< Back
TFLOW-LAMBDA
TensorFlow SavedModel with Lambda Layers containing malicious code

A TensorFlow SavedModel may contain a "Lambda" layer, which contains embedded Python code in binary format. This code may contain malicious instructions which will be executed when the model is loaded.

The TensorFlow SavedModel format is a legacy format used by TensorFlow to store ML models. A SavedModel is a directory that contains a complete TensorFlow program, including weights and computation. It does not require the original model building code to run.

The SavedModel directory contains the Keras model metadata in a file called keras_metadata.pb, this is a ProtoBuf-serialized binary which contains Keras Layers denoted as _tf_keras_layer nodes.

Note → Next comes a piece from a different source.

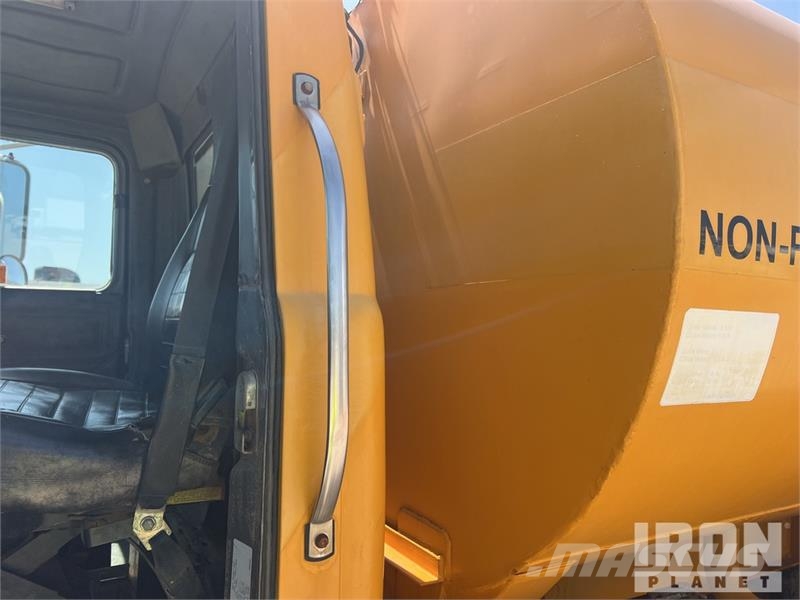 Mack RD688S Tovornjaki za vodo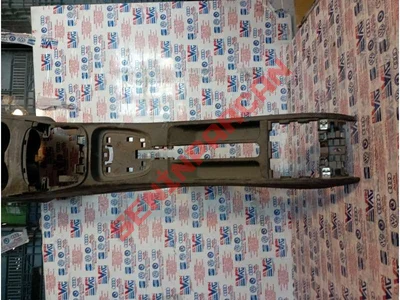 6R0863241T - ORTA KONSOL - Used Original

These layers contain a standard Keras Model Configuration in JSON format.

The Model Configuration specifies all the layers of the model, and may specify a Lambda layer.

The Lambda layer specifies custom operations defined by the model author, which are defined simply by a raw Python code object (Python Bytecode).

Since arbitrary Python Bytecode can contain any operation, including malicious operations, loading an untrusted TensorFlow SavedModel is considered to be dangerous.

[v] Model Load

[] Model Query

[] Other

To safely determine if the suspected TensorFlow SavedModel contains malicious code -

  1. Identify the keras_metadata.pb file in your SavedModel directory
  2. Extract any raw Python bytecode in Lambda layers present in _tf_keras_layer nodes, this can be done with the following Python code snippet -

    import json
    from tensorflow.python.keras.protobuf.saved_metadata_pb2 import SavedMetadata
    
    SUSPECTED_MODEL_PATH = "/path/to/savedmodel/keras_metadata.pb"
    
    saved_metadata = SavedMetadata()
    with open(SUSPECTED_MODEL_PATH, "rb") as f:
        saved_metadata.ParseFromString(f.read())
    
    lambda_code = [layer["config"]["function"]["items"][0]
        for layer in [json.loads(node.metadata)
            for node in saved_metadata.nodes
            if node.identifier == "_tf_keras_layer"]
        if layer["class_name"] == "Lambda"]
    
    print(lambda_code)
    
  3. Decompile the raw Python bytecodes, ex. using pycdc
  4. Examine the decompiled Python code to determine if it contains any malicious instructions

JFrog conducts extraction, decompilation and detailed analysis on each TensorFlow SavedModel in order to determine whether any malicious code is present.